Réfugiée en Suisse, la militante afghane Maleka Azizi témoigne des changements brutaux survenus dans son pays sous le régime afghan et de l’apartheid de genre qui frappe ses consœurs
Femme courage. Deux mots qui viennent à l’esprit lorsque l’on écoute Maleka Azizi. La jeune activiste afghane vit actuellement dans un foyer pour requérants d’asile de la région lausannoise. Elle a participé à la manifestation du 8 mars, Journée internationale des droits des femmes. Un combat qu’elle porte dans son cœur depuis toujours, elle qui a grandi dans un pays profondément inégalitaire.
Elle est née dans un petit village d’une vallée de la province de Samangan, en 1994 si l’on en croit son passeport, en 1996 selon sa mère. Si les dates de naissance sont aléatoires dans les villages, il est certain que l’époque coïncide avec la prise de pouvoir des talibans. Cependant, avec l’arrivée des Américains en 2001, la jeune fille sera scolarisée à Mazâr-e Charîf (au nord de l’Afghanistan) et poursuivra ses études jusqu’à l’université. Non sans peine, car ses parents, illettrés, de l’ethnie hazara, ne comprennent pas son choix de devenir journaliste. «Tout mon entourage, comme la société afghane dans son ensemble, estimait que certains métiers ne pouvaient pas être pratiqués par une femme. Si maîtresse ou médecin étaient considérés comme des carrières honorables, nous devions surtout rester au foyer», ajoute la diplômée de l'Université de Balkh. Avant le retour des talibans en août 2021, elle travaille dans une radio locale et enseigne dans une école privée réputée, Khan-e-noor, dont les cours sont pour la plupart dispensés en anglais. «Les enfants des politiciens étudiaient là. A la chute du gouvernement, ils ont quasiment tous fui à l’étranger», relate Maleka Azizi. Ses deux frères aînés prennent aussi la voie de l’exil. La jeune femme, elle, reste. Pendant six mois, sous le régime taliban, elle donne des cours dans la maison de ses parents de manière inofficielle pour contourner l’interdiction de scolarisation des filles promulgée par le nouveau régime. Sous pression et suivant les conseils de ses amis, elle décide de fuir pour sauver sa vie. Deux ans après, Maleka Azizi attend, avec angoisse, un permis de séjour pour pouvoir enfin imaginer un futur. Entretien.

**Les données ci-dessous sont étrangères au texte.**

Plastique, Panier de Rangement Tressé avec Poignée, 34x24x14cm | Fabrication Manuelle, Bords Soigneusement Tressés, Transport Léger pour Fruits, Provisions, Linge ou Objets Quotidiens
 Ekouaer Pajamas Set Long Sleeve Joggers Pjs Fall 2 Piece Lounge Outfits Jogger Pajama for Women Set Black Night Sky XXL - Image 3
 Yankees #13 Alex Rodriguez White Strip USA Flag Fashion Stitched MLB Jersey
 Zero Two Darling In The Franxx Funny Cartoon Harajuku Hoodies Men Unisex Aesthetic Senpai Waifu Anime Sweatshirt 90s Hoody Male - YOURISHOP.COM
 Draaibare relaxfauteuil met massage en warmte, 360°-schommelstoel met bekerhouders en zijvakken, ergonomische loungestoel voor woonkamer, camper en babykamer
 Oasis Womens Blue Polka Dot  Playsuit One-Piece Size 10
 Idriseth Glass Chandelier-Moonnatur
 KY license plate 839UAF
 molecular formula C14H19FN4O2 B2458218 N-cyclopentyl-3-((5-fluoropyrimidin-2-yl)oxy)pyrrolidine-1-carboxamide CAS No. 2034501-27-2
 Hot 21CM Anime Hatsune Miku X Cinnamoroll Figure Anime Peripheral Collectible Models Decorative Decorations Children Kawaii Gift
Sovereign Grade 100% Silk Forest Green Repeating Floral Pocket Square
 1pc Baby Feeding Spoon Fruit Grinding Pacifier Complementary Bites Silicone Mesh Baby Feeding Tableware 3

D’où vient votre féminisme?
Même avant le retour des talibans, la pression sociale était forte sur les femmes qui ne pouvaient pas exercer certaines professions. En raison de la pauvreté culturelle et du manque de confiance à leur égard, celles-ci étaient confrontées à toutes sortes de violences, notamment lorsqu'elles se lançaient dans des activités commerciales pour devenir indépendantes économiquement. En dépit de la présence de femmes à différents niveaux du système républicain, elles n'étaient pas considérées comme des êtres humains égaux aux hommes déjà à cette époque. J’ai dû me battre pour étudier le journalisme et la communication, des secteurs réservés aux hommes, tout comme les métiers d’ingénieur, de manager ou encore de politicien. L’apartheid de genre a toujours existé dans mon pays. Et j’ai sans cesse voulu me battre contre cette injustice. Tous les postes à responsabilité étaient aux mains des hommes. Ils n’acceptaient pas d’être «épaule contre épaule» avec une femme, même si c’était leur épouse, leur sœur, leur mère. Ils ont les meilleures positions, les meilleurs salaires. C’est eux qui détiennent l’argent et qui acceptent, ou non, d’en donner à leur épouse ou à leur fille.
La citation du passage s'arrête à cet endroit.